§ Task input:
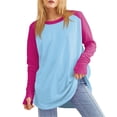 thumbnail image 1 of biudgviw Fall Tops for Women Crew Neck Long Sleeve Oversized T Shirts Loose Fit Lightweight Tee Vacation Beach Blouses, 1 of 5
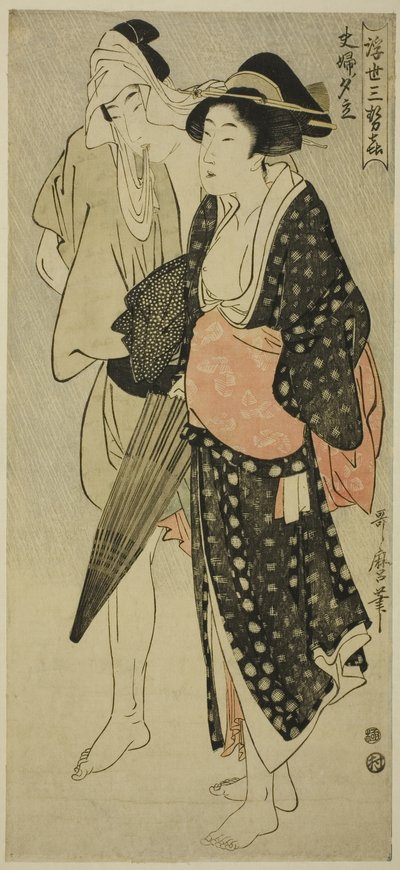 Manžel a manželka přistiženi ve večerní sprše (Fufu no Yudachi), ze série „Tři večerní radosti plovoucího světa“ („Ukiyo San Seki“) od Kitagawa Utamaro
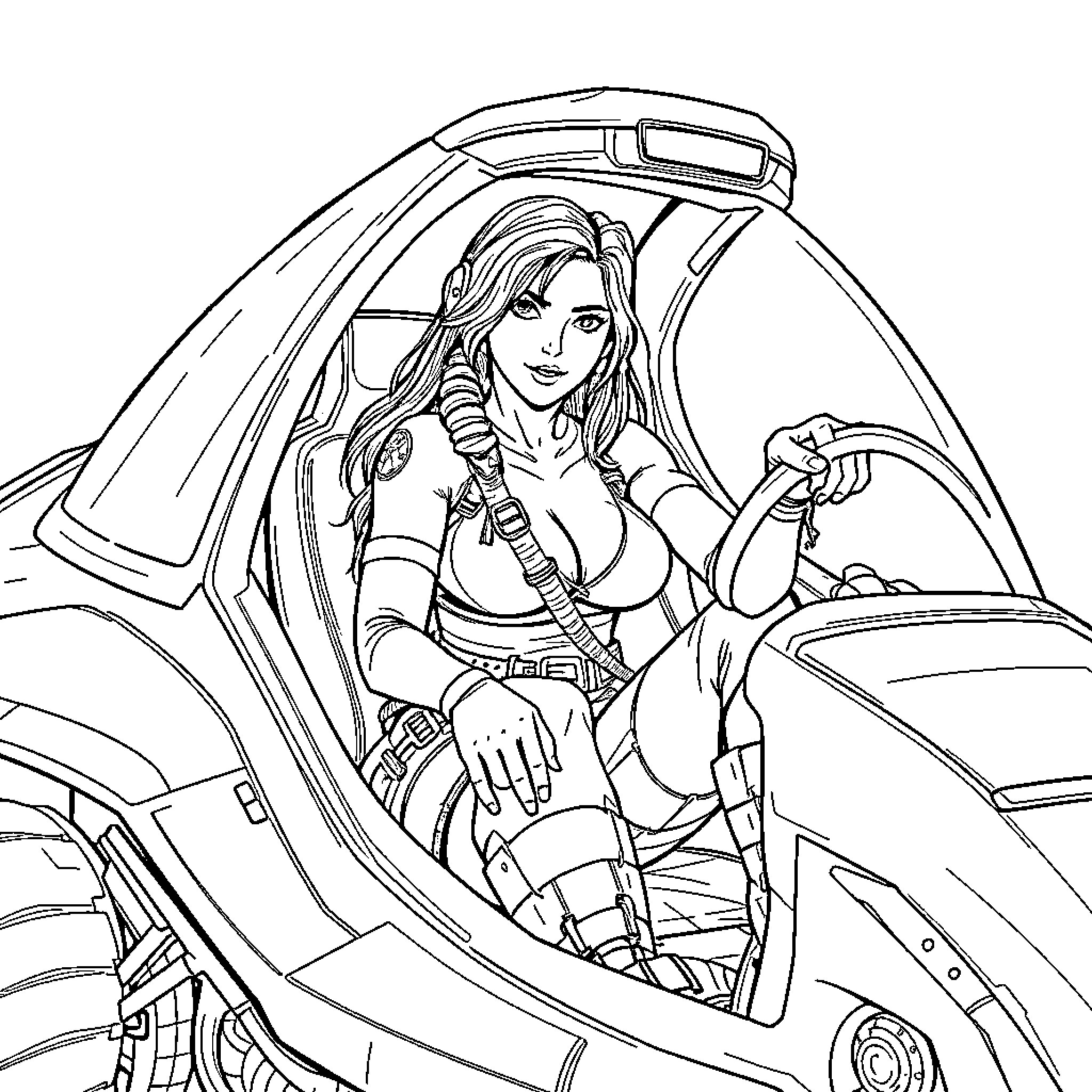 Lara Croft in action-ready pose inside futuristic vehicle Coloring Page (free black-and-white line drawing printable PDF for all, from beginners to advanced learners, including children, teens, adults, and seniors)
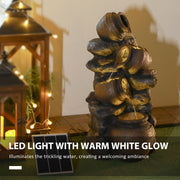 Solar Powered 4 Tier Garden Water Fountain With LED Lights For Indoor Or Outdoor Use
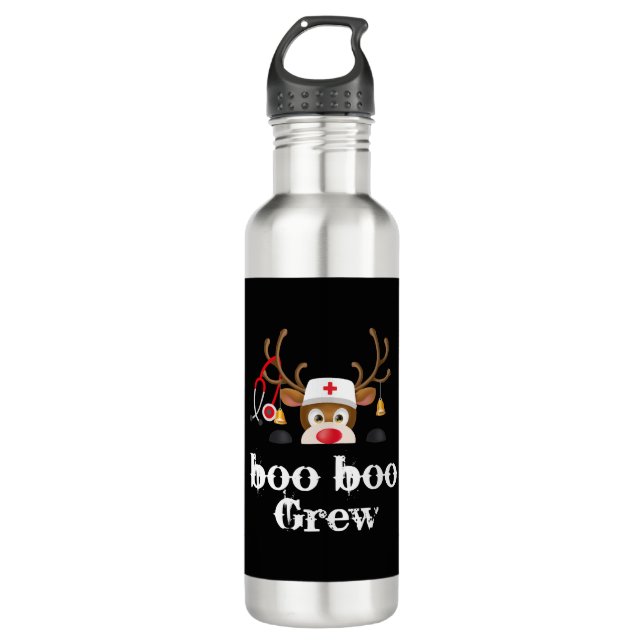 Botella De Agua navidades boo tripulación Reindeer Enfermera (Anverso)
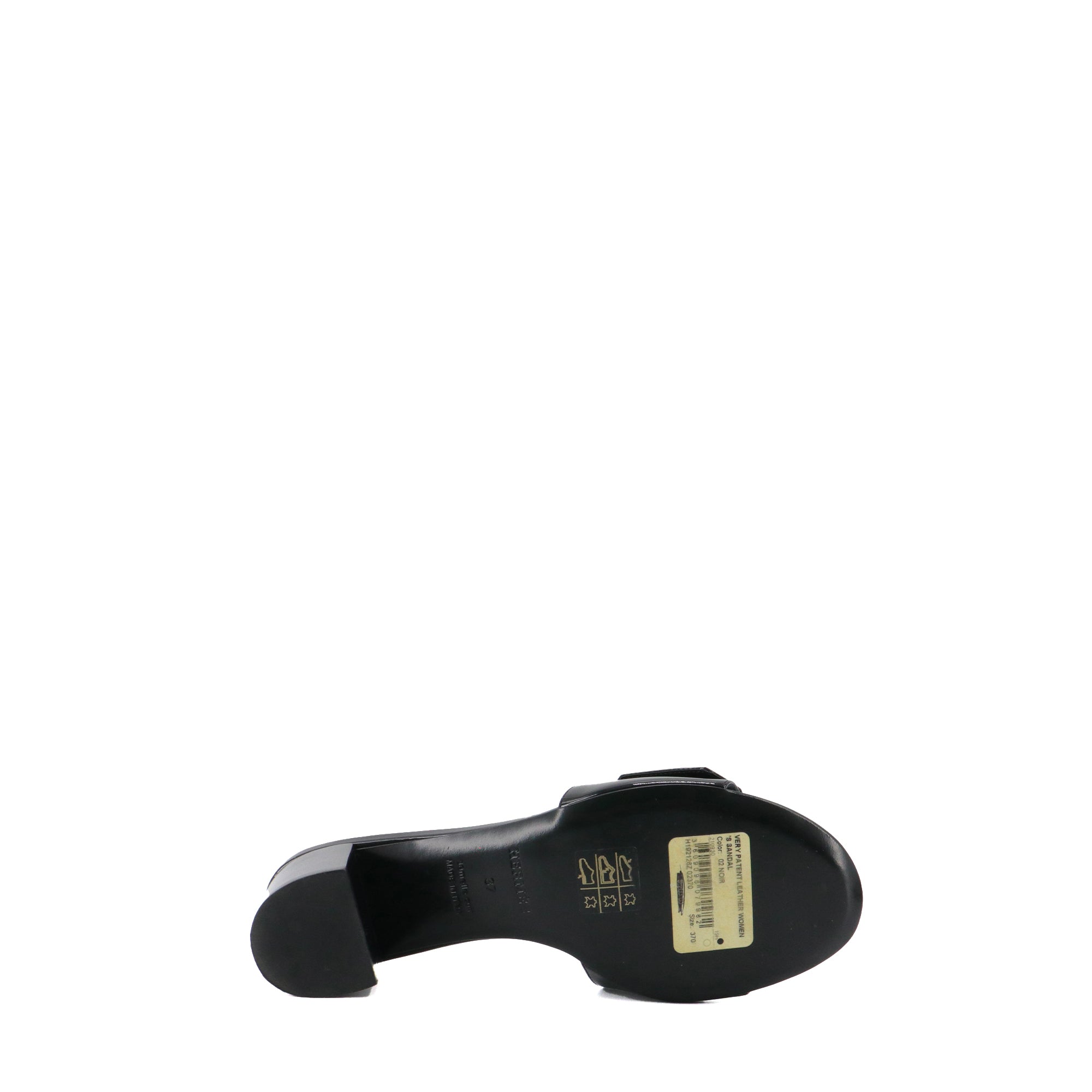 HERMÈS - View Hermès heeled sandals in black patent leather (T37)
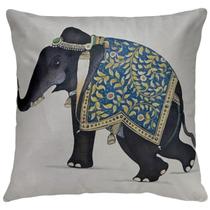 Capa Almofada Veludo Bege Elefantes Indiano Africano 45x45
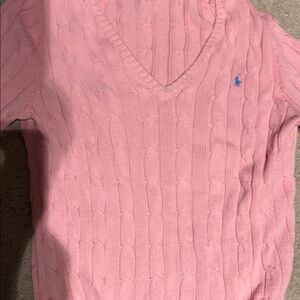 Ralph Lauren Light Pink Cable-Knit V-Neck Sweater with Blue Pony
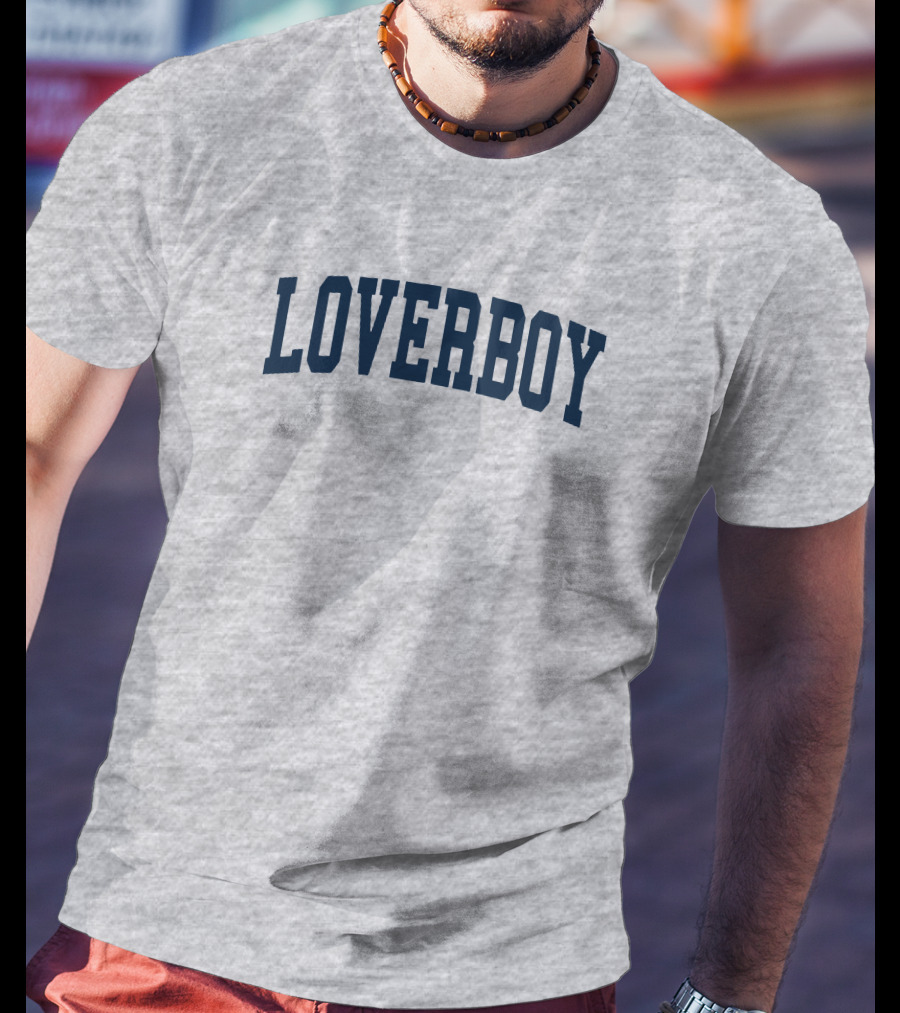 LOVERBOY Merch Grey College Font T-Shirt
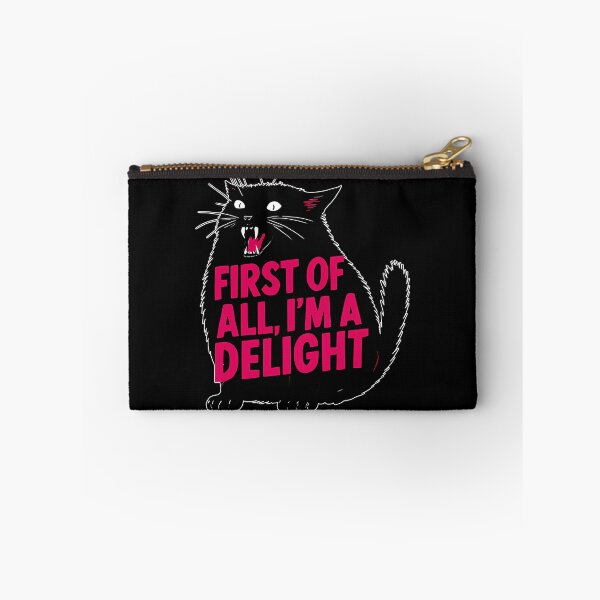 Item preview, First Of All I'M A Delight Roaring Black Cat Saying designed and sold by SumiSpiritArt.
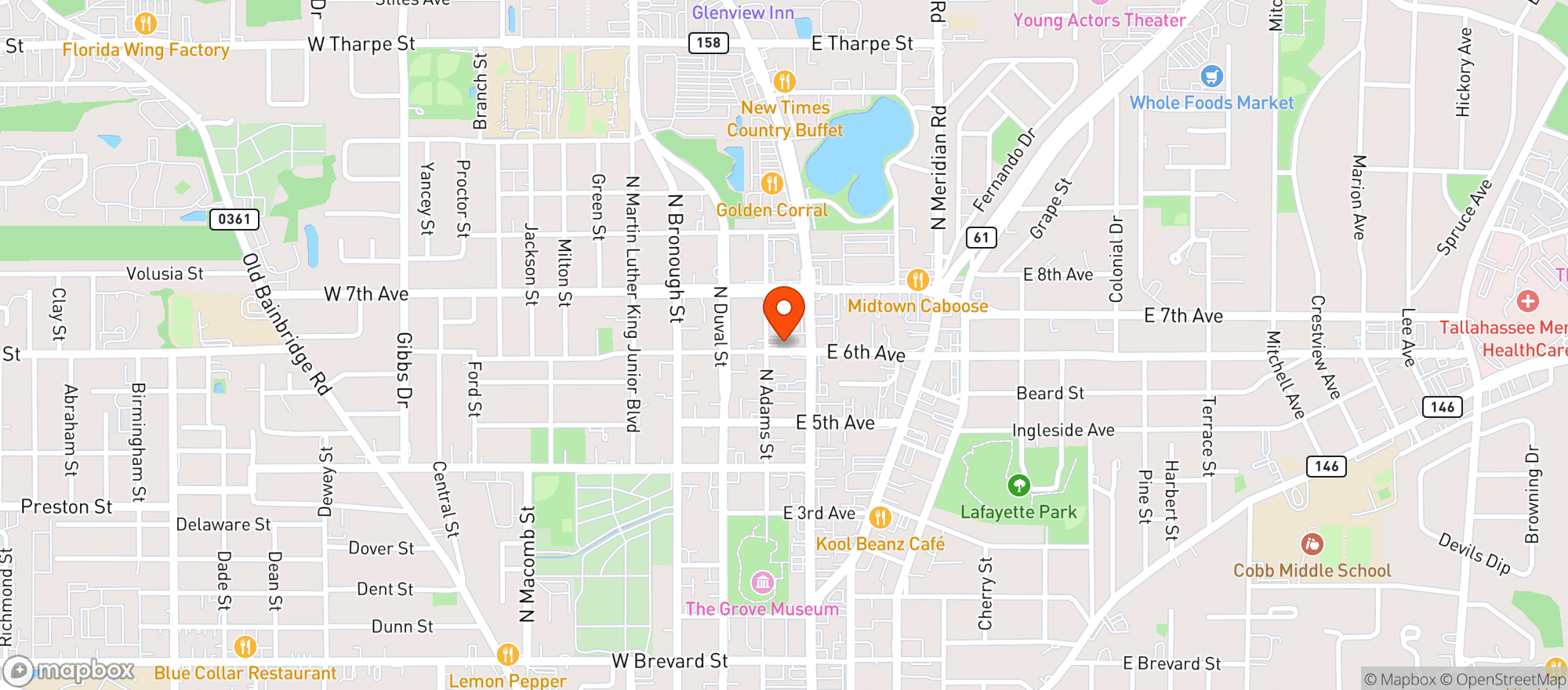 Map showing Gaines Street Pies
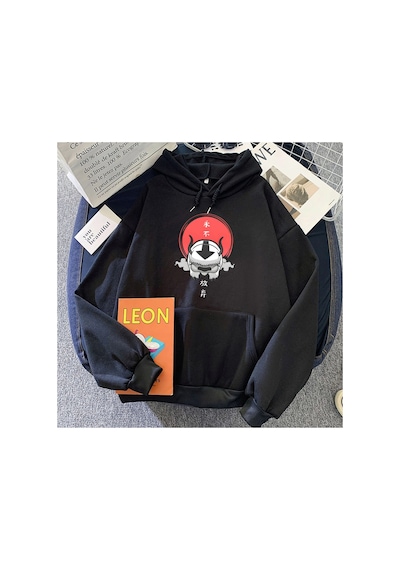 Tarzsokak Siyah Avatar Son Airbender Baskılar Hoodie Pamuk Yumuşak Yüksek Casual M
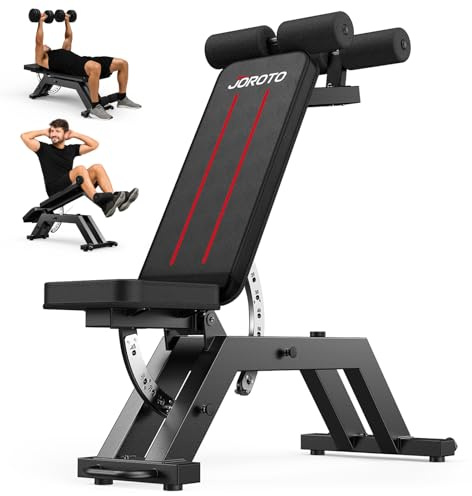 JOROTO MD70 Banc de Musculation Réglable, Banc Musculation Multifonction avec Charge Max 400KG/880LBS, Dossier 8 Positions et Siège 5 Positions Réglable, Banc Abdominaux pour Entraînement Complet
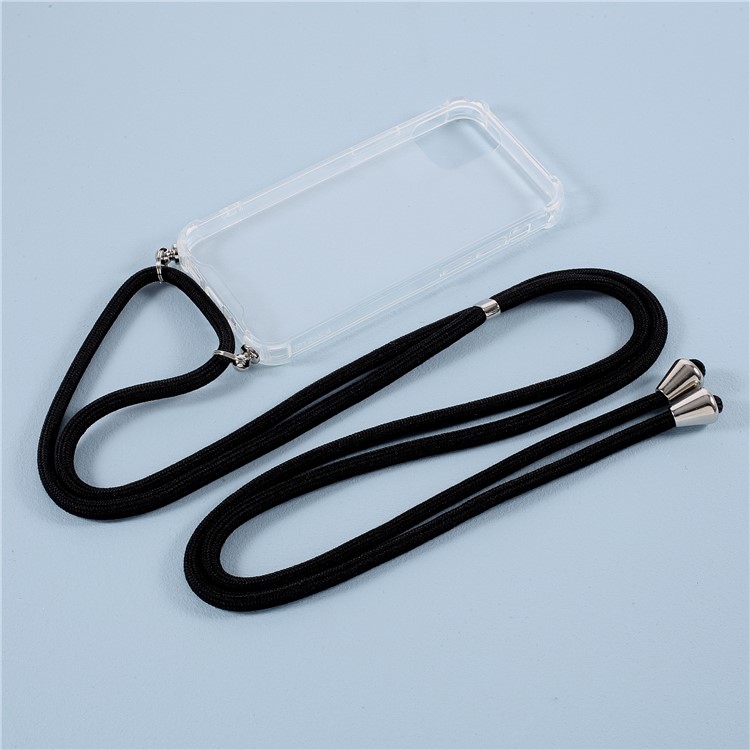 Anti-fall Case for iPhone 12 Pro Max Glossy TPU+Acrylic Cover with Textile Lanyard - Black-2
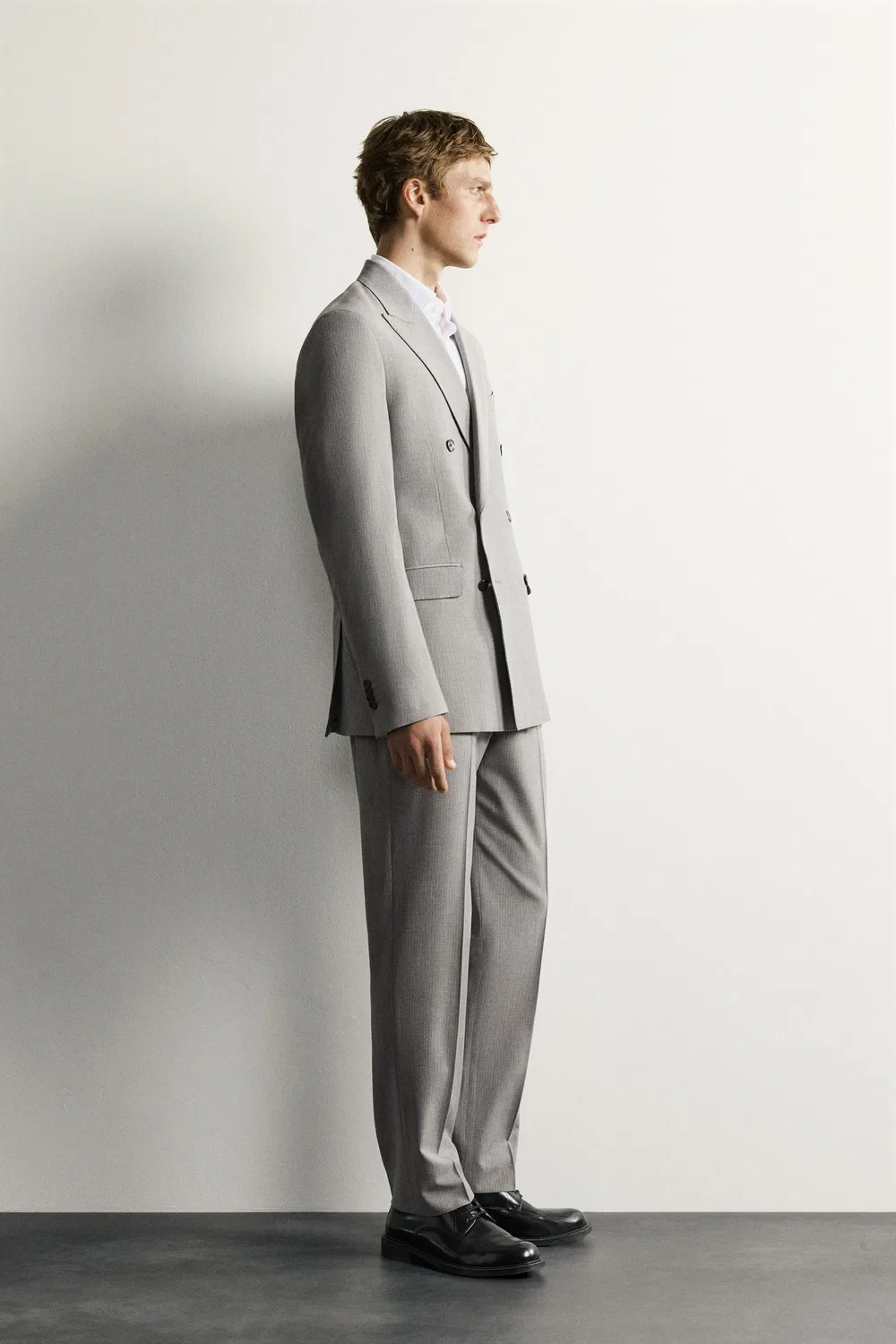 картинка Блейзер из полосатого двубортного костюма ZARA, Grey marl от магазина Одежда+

§ Your instructions: Leave out all pictures and extract exactly the lines from the line with "Botella De Agua" through the end of the material.

§ Reply to the exercise:
 Botella De Agua navidades boo tripulación Reindeer Enfermera (Anverso)
 HERMÈS - View Hermès heeled sandals in black patent leather (T37)
 Capa Almofada Veludo Bege Elefantes Indiano Africano 45x45
 Ralph Lauren Light Pink Cable-Knit V-Neck Sweater with Blue Pony
 LOVERBOY Merch Grey College Font T-Shirt
 Item preview, First Of All I'M A Delight Roaring Black Cat Saying designed and sold by SumiSpiritArt.
 Map showing Gaines Street Pies
 Tarzsokak Siyah Avatar Son Airbender Baskılar Hoodie Pamuk Yumuşak Yüksek Casual M
 JOROTO MD70 Banc de Musculation Réglable, Banc Musculation Multifonction avec Charge Max 400KG/880LBS, Dossier 8 Positions et Siège 5 Positions Réglable, Banc Abdominaux pour Entraînement Complet
 Anti-fall Case for iPhone 12 Pro Max Glossy TPU+Acrylic Cover with Textile Lanyard - Black-2
 картинка Блейзер из полосатого двубортного костюма ZARA, Grey marl от магазина Одежда+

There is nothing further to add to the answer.